The Status of Cannabis Legalization in NC
The Fayetteville Observer reported in September 2020 that the Old North State’s views on medical cannabis are just that–old. While up to 33 states out of 52 in the U.S. legalize medical cannabis, the southeastern government refuses to budge, even barring a ballot question for citizens to answer regarding the matter. Meanwhile, up to 80% of North Carolina residents agree medical cannabis would benefit the state budget.
“In the month of April alone, North Carolina collected $1.2 billion less in taxes than it had predicted,” reports the local Fayetteville news source. At this point, the state is already reducing its revenue projections for next fiscal year by $2.5 billion.”
The only relief North Carolina officials have given to citizens regarding medical cannabis is passing the Epilepsy Alternative Treatment Act, which permits adolescence only to seek hemp extract as an alternative treatment for the intractable seizure disorder.
The state makes it rigorously clear about who’s eligible for the statewide program. The North Carolina Department of Health & Human Services reports “a person who has been diagnosed with intractable epilepsy for which other treatment options have not been effective,” that can be certified by a North Carolina neurologist. There is no age limit for patients.
As far as a caregiver is concerned, North Carolina deems any patient assistant to be at least 18-years-old and a resident of the state, proving so with a current state license or identification card. According to the state department, the caregiver and patient are permitted to possess hemp extract of less than nine-tenths, 0.9%, THC by weight, and at least five percent CBD by weight,” with absolutely no additional psychoactive agents.
While the future of medical cannabis in North Carolina hangs in the balance, one can be grateful that the state has acknowledged the medical benefits of the flower that has proved to help heal severe seizure disorders, especially in children–the ones who need the most help.
Veriheal will continue to update readers on where North Carolina stands regarding medical cannabis and be ready to help them register with statewide physicians when the Old North State decides to accept new and progressive healing methods.
The limited CBD-only use for intractable seizure disorders including epilepsy is the only way a patient can legally consume or possess any form approved by a certified neurologist and physician.
How to qualify and register as a patient?
The DHHS has developed an internet registry.

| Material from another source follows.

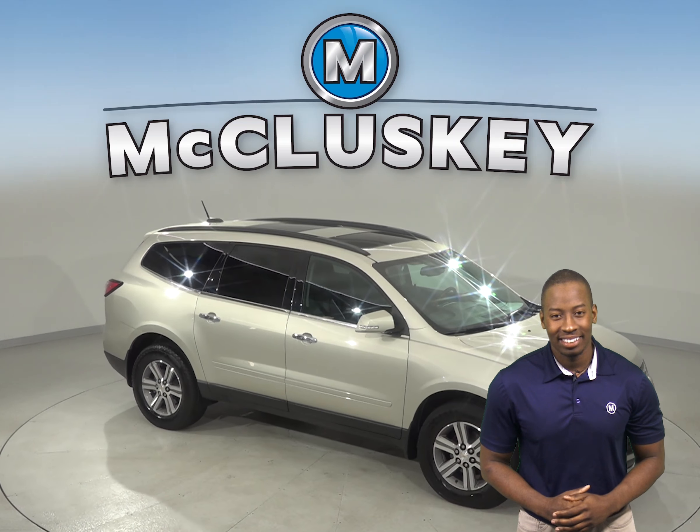Come on down and see what this 2016 Chevrolet Traverse is all about with our free 48-hour test drive.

Only individuals diagnosed with intractable epilepsy are eligible to participate in the program and their caregivers. Diagnosed patients must be cared for by a state-licensed neurologist connected with any state-accredited hospital. In addition, patients qualifying for hemp extract must have reacted with little or no success to at least three (3) or more previous therapy alternatives. Once a doctor recommends hemp extract, patients will be added to the registry automatically. To acquire the extract, patients must designate a caregiver. No patient registration card is needed. For patients who can engage in the program, there is no minimum age.
Becoming a Caregiver in NC Under HB 1220
The caregiver is required to finish the application for Caregiver Registration and return to DHHS. The Application for Caregiver Registration involves data identifying the caregiver, the patient, and the neurologist recommendation.

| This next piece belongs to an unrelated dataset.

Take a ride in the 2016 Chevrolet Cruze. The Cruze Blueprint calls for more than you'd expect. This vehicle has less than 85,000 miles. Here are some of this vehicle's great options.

A licensed caregiver must be available to all licensed patients. The caregivers of patients must be at least 18 years of age and be a permanent North Carolina resident. Registered caregivers can only be a parent, legal guardian, or guardian of an intractable individual with epilepsy. Upon submission of all materials and processing of the application, caregivers will obtain a letter from the DHHS authorizing their permission. When in possession of hemp extract in North Carolina, caregivers must bring this letter with them.
HB 1220 only allows patients to possess and ingest hemp extract. Legally, the hemp sample must be made up by the weight of less than nine-tenths of one percent (0.9%) of tetrahydrocannabinol (THC) and at least five percent (5%) of cannabidiol (CBD).